The Moeraki Boulders are unusually large and spherical boulders on Koekohe Beach near Moeraki on New Zealand’s Otago coast. They originally formed on the sea floor when the mudstone was accumulating during the early Tertiary period, some 60 million years ago. The relentless pounding of waves over millennia has gradually eroded the softer sediment and uncovered the compacted spherical stones.
These boulders are grey-colored septarian concretion, a sedimentary rock that has had the space between its individual grains filled up by minerals which acted like cement. The degree of cementation varies from being relatively weak in the interior of a boulder to quite hard at its outside rim.

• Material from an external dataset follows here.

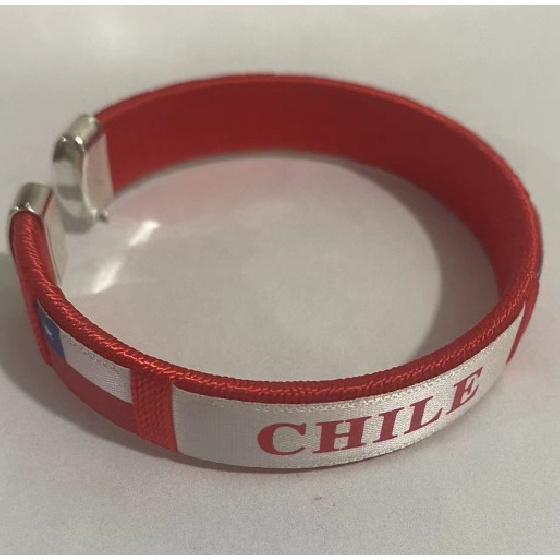 Браслет с флагом Чемпионата мира по футболу 2026 Испания Спортивный браслет Вышитый браслет Товары для болельщиков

What is significant about these concretions is their size. Some of the boulders measure two meters in diameter and most of them are almost perfect spheres. Scattered all over the beach, they can be seen as clusters or isolated on certain spots. It is estimated that the largest of the boulders is approximately 2.2 meters in diameter.
According to Maori legend, the origin of the boulders dates from the loss of the Arai-te-uru, one of the large sailing canoes that came from distant Hawaiki. They explained them as the remains of calabashes and kumara, like big melons and potatoes because of the soft interior.
They look like some long abandoned game between giants or egg shells of sea-born dragons and some even say that they are alien eggs (apparently, the alien eggs are sent from outer space and have been washed up on the shore by the ocean).
Their bizarre cracked shells, often perfectly spherical, remain largely unexplained and keeps them regarded as “geological mystery”. These otherworldly spheres of rock continue to attract visitors to this beach, who wants to catch a glimpse of these amazing works of nature.
However, the Moeraki Boulders are not the only rocks of this size and shape. There are huge spherical boulders molded over millions of years on other coasts as well. Similar spherical boulders were discovered in Russia, Costa Rica and even in Bosnia.